(Information shown)
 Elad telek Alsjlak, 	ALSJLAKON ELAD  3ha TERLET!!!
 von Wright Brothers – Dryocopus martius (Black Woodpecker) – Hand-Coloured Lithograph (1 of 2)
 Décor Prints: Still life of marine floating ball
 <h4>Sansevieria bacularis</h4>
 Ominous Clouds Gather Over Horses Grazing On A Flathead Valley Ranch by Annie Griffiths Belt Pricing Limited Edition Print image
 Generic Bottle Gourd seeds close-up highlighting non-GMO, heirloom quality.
(End Information shown)
(Information shown)
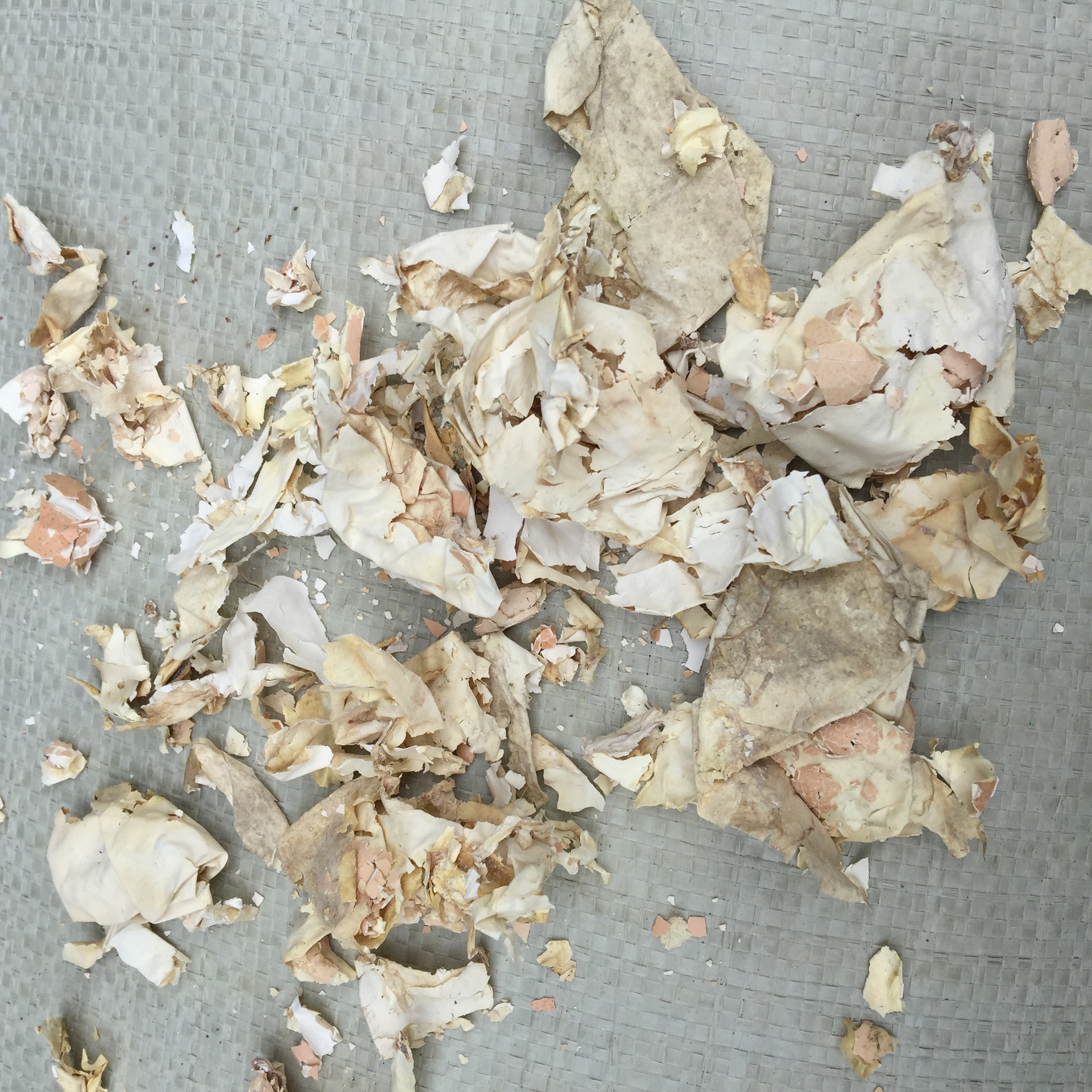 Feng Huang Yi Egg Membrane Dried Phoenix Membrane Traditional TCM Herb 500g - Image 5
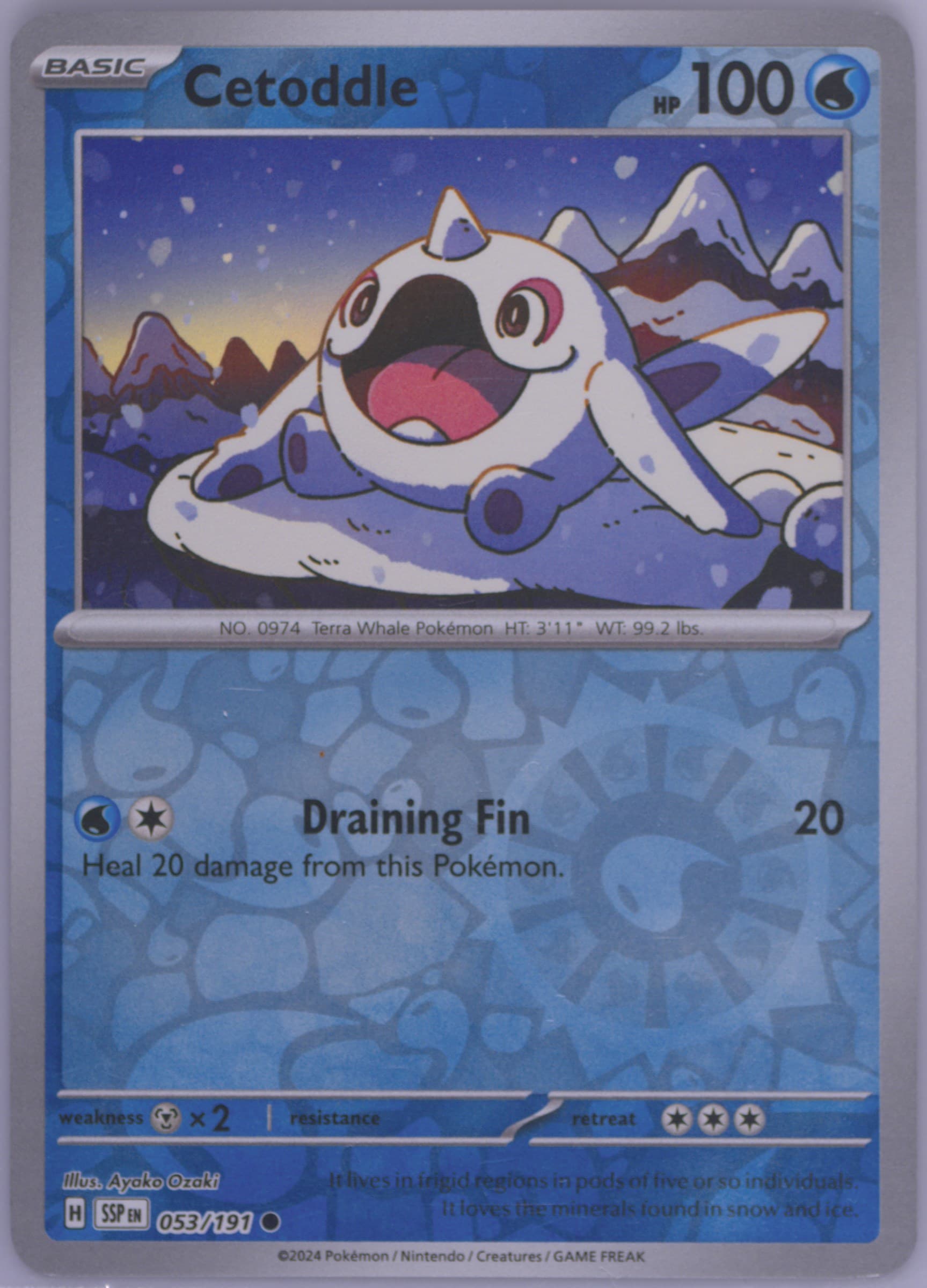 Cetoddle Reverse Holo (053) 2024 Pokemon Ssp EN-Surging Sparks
(End Information shown)
*Your assignment*
Your answer should be the lines above, from the line containing "Ominous Clouds Gather" up to and including the line containing "Generic Bottle Gourd", reproduced exactly and with nothing else.

*Response to this exercise*
 Ominous Clouds Gather Over Horses Grazing On A Flathead Valley Ranch by Annie Griffiths Belt Pricing Limited Edition Print image
 Generic Bottle Gourd seeds close-up highlighting non-GMO, heirloom quality.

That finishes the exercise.